Improved thermal stability of phytase from Yersinia intermedia by physical adsorption immobilization on amino-multiwalled carbon nanotubes.

Abstract

Phytase is used in poultry diets to hydrolyze and release of phytate-bound phosphorus. Immobilization on nanomaterials optimizes enzyme's thermal stability and reusability. This study aimed to immobilize the recombinant phytase from Yersinia intermedia on the surface of amino-multi-walled carbon nanotubes (amino-MWCNTs) by physical adsorption. For this, zeta potential measurement, FTIR spectroscopic analysis, scanning electron microscope (SEM), kinetic as well as thermodynamic parameters were used to characterize immobilized phytase on amino-MWCNTs.
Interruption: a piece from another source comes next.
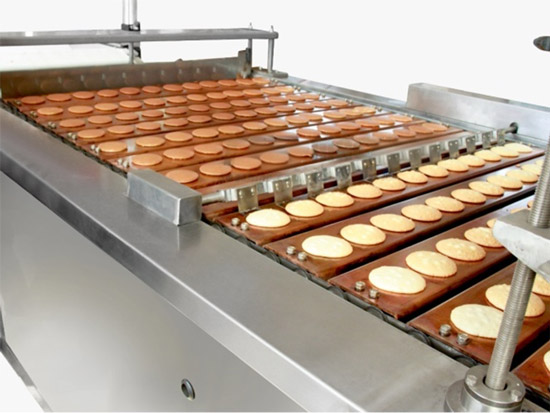Dorayaki Flipping Unit & Conveyor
According to results, the optimum temperature of the immobilized phytase increased from 50 to 70°C and also thermal and pH stability improved considerably. Moreover, immobilization led to an increase in the value of Km and kcat from 0.13 to 0.33mM and 2220 to 2776s-1, respectively. In addition, the changes in activation energy of thermal inactivation (ΔE#a (D)), the free energy of thermal inactivation (ΔG#D) and the enthalpy of thermal inactivation (ΔH#D) for immobilized phytase increased by +11.05, +24.7 and +11.4kj/mole, respectively, while the value of the change in the entropy of thermal inactivation (ΔS#D) decreased by -0.04 kj/mole.K. Overall, our results showed that adsorption immobilization of phytase on amino-MWCNTs increases thermal, pH and storage stability as well as some of kinetic parameters.